■ **TASK TO CARRY OUT**
Exact reproduction required: the lines below from the line with "พัดลมโน๊ตบุ๊ค แท่นวางโน้ตบุ้คLaptop Cooling" to the line with "Topographic Map of Rocky Meadow Branch, NC", both ends included, and no others.

Source records
──────────────────────────────
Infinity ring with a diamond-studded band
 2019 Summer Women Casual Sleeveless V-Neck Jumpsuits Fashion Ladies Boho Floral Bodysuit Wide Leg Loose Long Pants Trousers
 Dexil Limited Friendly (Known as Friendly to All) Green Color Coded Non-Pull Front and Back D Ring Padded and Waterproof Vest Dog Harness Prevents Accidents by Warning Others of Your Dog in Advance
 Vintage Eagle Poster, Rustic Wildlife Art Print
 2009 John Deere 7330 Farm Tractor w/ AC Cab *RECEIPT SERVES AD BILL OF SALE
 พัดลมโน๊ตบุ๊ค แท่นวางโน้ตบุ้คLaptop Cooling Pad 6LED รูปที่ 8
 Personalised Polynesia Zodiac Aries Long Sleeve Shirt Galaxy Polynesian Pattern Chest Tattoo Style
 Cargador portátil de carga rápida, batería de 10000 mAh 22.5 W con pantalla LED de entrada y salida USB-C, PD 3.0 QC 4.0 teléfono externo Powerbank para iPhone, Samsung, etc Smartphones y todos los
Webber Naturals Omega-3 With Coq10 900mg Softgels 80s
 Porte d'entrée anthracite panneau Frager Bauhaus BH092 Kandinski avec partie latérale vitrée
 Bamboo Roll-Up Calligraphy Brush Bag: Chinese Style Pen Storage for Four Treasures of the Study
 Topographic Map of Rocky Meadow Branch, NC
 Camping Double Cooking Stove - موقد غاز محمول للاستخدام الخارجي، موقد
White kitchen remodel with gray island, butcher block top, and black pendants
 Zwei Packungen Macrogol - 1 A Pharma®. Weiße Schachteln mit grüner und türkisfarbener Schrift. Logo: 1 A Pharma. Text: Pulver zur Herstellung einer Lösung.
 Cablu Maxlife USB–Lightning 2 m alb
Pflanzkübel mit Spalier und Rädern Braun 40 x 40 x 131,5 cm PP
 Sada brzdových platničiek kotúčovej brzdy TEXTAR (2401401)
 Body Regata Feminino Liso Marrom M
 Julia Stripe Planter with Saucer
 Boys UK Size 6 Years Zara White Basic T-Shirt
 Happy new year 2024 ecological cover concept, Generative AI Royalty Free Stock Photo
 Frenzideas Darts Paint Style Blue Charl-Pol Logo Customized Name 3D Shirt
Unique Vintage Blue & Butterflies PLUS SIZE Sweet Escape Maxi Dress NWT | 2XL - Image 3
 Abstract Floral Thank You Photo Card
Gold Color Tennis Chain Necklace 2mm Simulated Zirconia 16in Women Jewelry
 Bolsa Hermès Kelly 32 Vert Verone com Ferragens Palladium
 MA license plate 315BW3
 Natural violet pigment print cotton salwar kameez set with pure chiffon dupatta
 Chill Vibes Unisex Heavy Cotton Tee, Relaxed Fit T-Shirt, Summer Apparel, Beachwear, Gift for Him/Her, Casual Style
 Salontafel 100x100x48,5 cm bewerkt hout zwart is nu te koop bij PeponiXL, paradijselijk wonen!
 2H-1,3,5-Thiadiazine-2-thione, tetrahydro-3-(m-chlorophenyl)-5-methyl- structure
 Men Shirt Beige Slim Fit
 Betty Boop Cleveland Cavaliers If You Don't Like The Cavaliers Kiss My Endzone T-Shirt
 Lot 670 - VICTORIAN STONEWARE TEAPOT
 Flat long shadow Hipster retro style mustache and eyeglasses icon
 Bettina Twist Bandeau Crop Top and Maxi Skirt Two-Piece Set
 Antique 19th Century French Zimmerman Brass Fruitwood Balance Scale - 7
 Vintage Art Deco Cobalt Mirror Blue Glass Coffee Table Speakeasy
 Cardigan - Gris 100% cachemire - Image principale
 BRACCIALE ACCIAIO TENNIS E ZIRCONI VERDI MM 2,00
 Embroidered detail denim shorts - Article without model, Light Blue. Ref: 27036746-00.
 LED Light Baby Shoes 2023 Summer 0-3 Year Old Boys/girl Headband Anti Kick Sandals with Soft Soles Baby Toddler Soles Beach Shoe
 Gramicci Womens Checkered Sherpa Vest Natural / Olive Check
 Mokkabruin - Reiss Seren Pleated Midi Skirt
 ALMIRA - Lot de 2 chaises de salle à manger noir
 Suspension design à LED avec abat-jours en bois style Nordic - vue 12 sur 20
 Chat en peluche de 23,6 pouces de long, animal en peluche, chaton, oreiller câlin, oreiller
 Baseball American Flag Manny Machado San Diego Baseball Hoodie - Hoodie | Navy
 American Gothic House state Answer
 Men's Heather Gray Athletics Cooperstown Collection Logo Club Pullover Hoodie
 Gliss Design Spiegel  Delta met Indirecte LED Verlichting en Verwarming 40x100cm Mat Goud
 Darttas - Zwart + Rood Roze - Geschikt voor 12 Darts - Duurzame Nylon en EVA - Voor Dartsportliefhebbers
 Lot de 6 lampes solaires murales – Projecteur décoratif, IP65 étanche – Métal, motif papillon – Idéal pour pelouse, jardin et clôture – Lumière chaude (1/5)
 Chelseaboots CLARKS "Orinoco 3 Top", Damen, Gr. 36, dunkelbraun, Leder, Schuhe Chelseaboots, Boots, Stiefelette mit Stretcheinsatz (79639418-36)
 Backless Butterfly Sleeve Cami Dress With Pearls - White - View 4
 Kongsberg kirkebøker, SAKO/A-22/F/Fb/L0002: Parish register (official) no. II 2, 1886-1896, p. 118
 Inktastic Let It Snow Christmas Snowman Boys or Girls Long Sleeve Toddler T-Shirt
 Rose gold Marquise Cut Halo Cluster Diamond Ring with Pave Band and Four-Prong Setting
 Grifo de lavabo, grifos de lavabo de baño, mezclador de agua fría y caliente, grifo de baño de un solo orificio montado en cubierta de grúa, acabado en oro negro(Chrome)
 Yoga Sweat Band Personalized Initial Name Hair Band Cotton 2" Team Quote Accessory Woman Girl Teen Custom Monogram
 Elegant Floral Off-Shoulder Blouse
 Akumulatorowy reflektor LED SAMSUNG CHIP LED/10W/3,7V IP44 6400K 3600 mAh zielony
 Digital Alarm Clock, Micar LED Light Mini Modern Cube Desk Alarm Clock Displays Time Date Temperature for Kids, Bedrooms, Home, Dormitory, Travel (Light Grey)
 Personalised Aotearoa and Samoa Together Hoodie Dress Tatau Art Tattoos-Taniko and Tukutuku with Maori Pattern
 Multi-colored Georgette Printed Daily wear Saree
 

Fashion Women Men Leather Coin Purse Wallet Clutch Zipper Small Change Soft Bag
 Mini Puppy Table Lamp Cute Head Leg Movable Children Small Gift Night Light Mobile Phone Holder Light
──────────────────────────────
■ **WRITTEN RESPONSE**
 พัดลมโน๊ตบุ๊ค แท่นวางโน้ตบุ้คLaptop Cooling Pad 6LED รูปที่ 8
 Personalised Polynesia Zodiac Aries Long Sleeve Shirt Galaxy Polynesian Pattern Chest Tattoo Style
 Cargador portátil de carga rápida, batería de 10000 mAh 22.5 W con pantalla LED de entrada y salida USB-C, PD 3.0 QC 4.0 teléfono externo Powerbank para iPhone, Samsung, etc Smartphones y todos los
Webber Naturals Omega-3 With Coq10 900mg Softgels 80s
 Porte d'entrée anthracite panneau Frager Bauhaus BH092 Kandinski avec partie latérale vitrée
 Bamboo Roll-Up Calligraphy Brush Bag: Chinese Style Pen Storage for Four Treasures of the Study
 Topographic Map of Rocky Meadow Branch, NC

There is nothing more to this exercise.